This new chapter in your life takes a strong will, courage, determination, and ambition to finish this life stage successfully.

It’s going to be a very challenging period.

Even after the visit during the open day, high school students will have many questions about the transition from school to higher education – from the life of a university student to the difficulty and benefits of the studies.

As well as studying for a degree, you will learn life skills, face fears, learn how to live on your own, manage a budget, and choose the people you want and need in your life.

It’s a normal reaction to have doubts, questions, and fear from this upcoming stage in your life.

Some anxiety and uncertainty are typical reactions when you are about to face something different, meet new people, or move somewhere new. Don’t rush to find answers to all your questions before the semester begins. Some things take time. Feeding your fears and anxieties will bring no results. Go with the flow, and you will experience your own student life; because every student’s story is different.

There are so many opportunities, so much to do, you have a lot of ideas, and everything is new, including the learning environment; as said, it can be challenging.

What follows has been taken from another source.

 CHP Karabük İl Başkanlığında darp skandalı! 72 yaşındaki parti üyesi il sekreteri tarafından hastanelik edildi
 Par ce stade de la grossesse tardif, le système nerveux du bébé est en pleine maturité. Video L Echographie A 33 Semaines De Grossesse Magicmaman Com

So, you know which university you’re going to attend, and, hopefully, where your accommodation is.


It’s up to you!

Assuming you know where you’ll be living, how you’ve planned to finance tuition, and what bills you need to pay (or are willing to take on). You also have to contend with a new way of learning and assessing; this will not look like school!

Understanding how university differs from school will be one of the first challenges.

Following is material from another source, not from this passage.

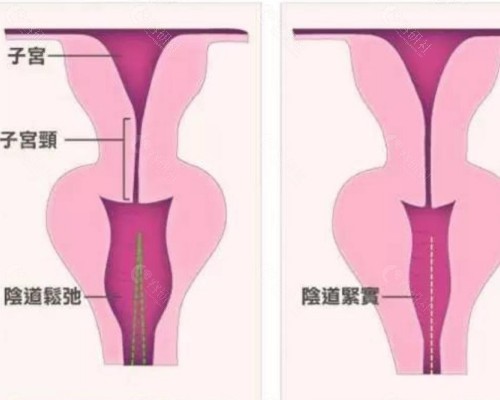 3d束带紧缩术图片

Your lecturers and tutors will give you a framework and tools to explore your study area, but the rest is up to you. The initiative, self-discipline, library visits, timelines and goals are up to you to embrace and ensure you are on top of the work. It’s a lot to take on.

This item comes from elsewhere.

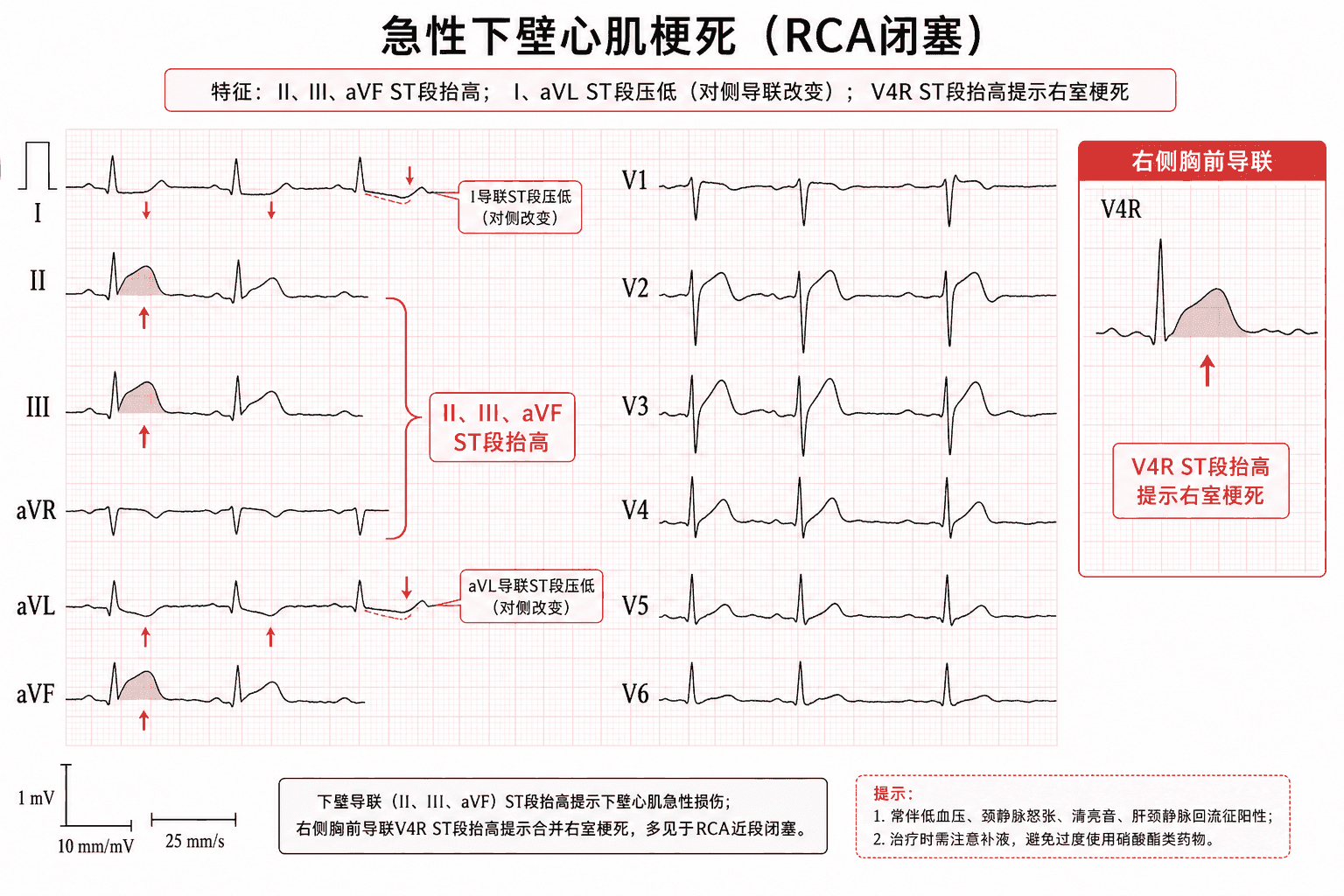 案例2:急性下壁心肌梗死伴右室受累,II、III、aVF及V4R ST段抬高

For many students, it’s their first time away from home, leaving friends behind and beginning a new chapter in their lives. The change is often terrifying and exciting as you and thousands of other young people get their first taste of independence.

Being a self-starter

In the first few weeks, you will likely feel overwhelmed at some stage. University is different from secondary education, where teachers instruct you. No one will tell you to do an assignment on time or even show up to class. It’s down to you to motivate yourself!

Tip: Starting sooner rather than later when developing assignments is the easiest way to alleviate the stressful periods of the semester.

New Teaching Methods

Many universities offer students a skills support department to help freshers adjust away from school and learn new expectations.

Tip: The key is to realise that lectures only provide a basic overview. They point in the direction from which to understand a specific subject.

Another significant distinction between the university and the school classroom is the measure of time spent receiving face-to-face tuition. Freshers regularly spend between 12 and 20 hours in lectures and tutorials during the week; this leaves enough spare “downtime” time for life outside of the classroom.

Tip: Successful students will quickly realise that “downtime” must include preparation, research, lab work, etc.

Life at University

University education is all about individual learning.

University is very different from life at school.

The lecturer only presents an overview of the material and advises on how to acquire additional knowledge. The student needs to find and learn the material and find a way to determine what is required. The lecturer only sets a date for the exam. The student needs to decide when will they revise and how. You will have to work all this out for yourself!

In the first year at university, freshers are anxious to ask questions because they are afraid that the others will consider them less intelligent; this is a big mistake.

Tip: It’s better to ask than suppose and make an error.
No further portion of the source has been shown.